This is a simple spark utility which is used to convert any file format (JSON, CSV, TXT, SEQ, PARQUET, ORC, AVRO) to any file format (JSON, CSV, TXT, SEQ, PARQUET, ORC, AVRO).
- exclusion of columns in the Output (Supports Nested fields in Structures, Maps, Arrays, Array of Structs and Array of Maps).
- selection of specific columns
- Query based selection
- Controling output partitions
- various types of compressions (Snappy, Gzip, Deflate, ..)
STEP 1 : Clone the repo STEP 2 : Build the JAR using maven package or open the project in the intellij and do the maven package from the maven life cycle. STEP 3 : Run the JAR
Command Line Arguments
--APP_NAME (required) : NAME OF THE SPARK APPLICATION
--INPUT_SCHEMA (optional) : STATIC SCHEMA PATH
--INPUT_PATH (required) : INPUT PATH
--SELECT_COLUMN_FILE (optional) : SELECTED OUTPUT COLUMN FILE (SAMPLE IS PROVIDED IN THE RESOURCES FOLDER)
--SELECT_QUERY_FILE (optional) : SELECTED OUTPUT COLUMN FILE (SAMPLE IS PROVIDED IN THE RESOURCES FOLDER)

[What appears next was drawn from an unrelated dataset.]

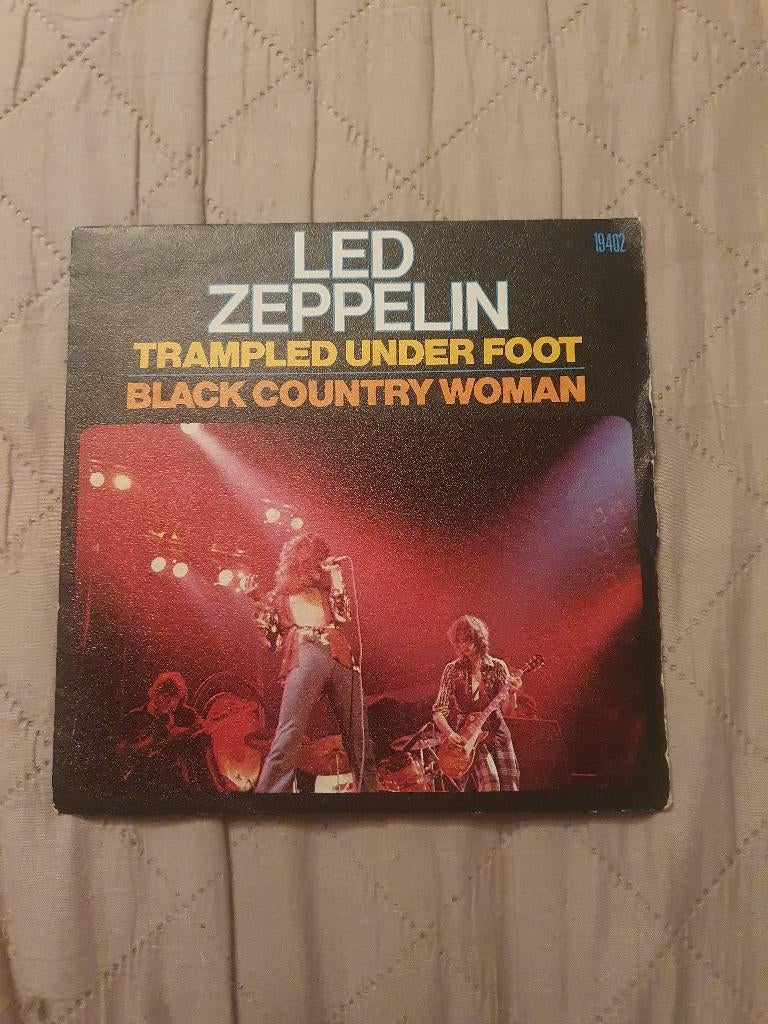S - Led Zeppelin – Trampled Under Foot - Black Country Woman, Enlèvement ou Envoi, Comme neuf, Rock et Metal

--OMIT_COLUMN_FILE (optional) : SELECTED OUTPUT COLUMN FILE (SAMPLE IS PROVIDED IN THE RESOURCES FOLDER)
--INPUT_TYPE (default : parquet) : INPUT TYPE TO READ (JSON, CSV, TXT, SEQ, PARQUET, ORC, AVRO)
--OUTPUT_PATH (required) : OUTPUT PATH
--OUTPUT_TYPE (default : parquet) : INPUT TYPE TO READ (JSON, CSV, TXT, SEQ, PARQUET, ORC, AVRO)
--WRITE_MODE (default : overwrite) : OVERWRITE OR APPEND THE OUTPUT DIRECTORY OR FILE
--COMPRESSION (default : snappy) : NONE, UNCOMPRESSED, SNAPPY, GZIP, LZO AND DEFLATE
--OUTPUT_PARTITIONS (optional) : NO. OF OUTPUT PARTITIONS
--ENVR (optional) : DEV OR PRODUCTION OR TEST
--LOG-LEVEL (default : error) : SPARK LOG LEVEL (INFO, WARN, ERROR AND DEBUG)
Run commands
spark-submit --class com.rab4u.spark.GenericFileFormatter generic-file-formatter-1.0-SNAPSHOT.jar \
--APP_NAME "<APP NAME>" \
--INPUT_PATH "<HDFS PATH/ S3 PATH / LOCAL FILE PATH>" \
--INPUT_TYPE <json / csv / orc / parquet / txt / seq> \
--OMIT_COLUMN_FILE "<HDFS PATH/ S3 PATH / LOCAL FILE PATH>/omit_columns.dat" \
--OUTPUT_PATH "<HDFS PATH/ S3 PATH / LOCAL FILE PATH>" \
--OUTPUT_TYPE <json / csv / orc / parquet / txt / seq> \
--WRITE_MODE <overwrite / append> \
--COMPRESSION <snappy> \
--OUTPUT_PARTITIONS <350> \
spark-submit --class com.rab4u.spark.GenericFileFormatter generic-file-formatter-1.0-SNAPSHOT.jar \
--APP_NAME "<APP NAME>" \
--INPUT_SCHEMA "<HDFS PATH/ S3 PATH / LOCAL FILE PATH>" \
--INPUT_PATH "<HDFS PATH/ S3 PATH / LOCAL FILE PATH>" \
--INPUT_TYPE <json / csv / orc / parquet / txt / seq> \
--SELECT_QUERY_FILE "<HDFS PATH/ S3 PATH / LOCAL FILE PATH>/select_query.dat" \
--OUTPUT_PATH "<HDFS PATH/ S3 PATH / LOCAL FILE PATH>" \
--OUTPUT_TYPE <json / csv / orc / parquet / txt / seq> \
--WRITE_MODE <overwrite / append> \
--COMPRESSION <snappy> \
--OUTPUT_PARTITIONS <350> \
<< TODO ;-) >>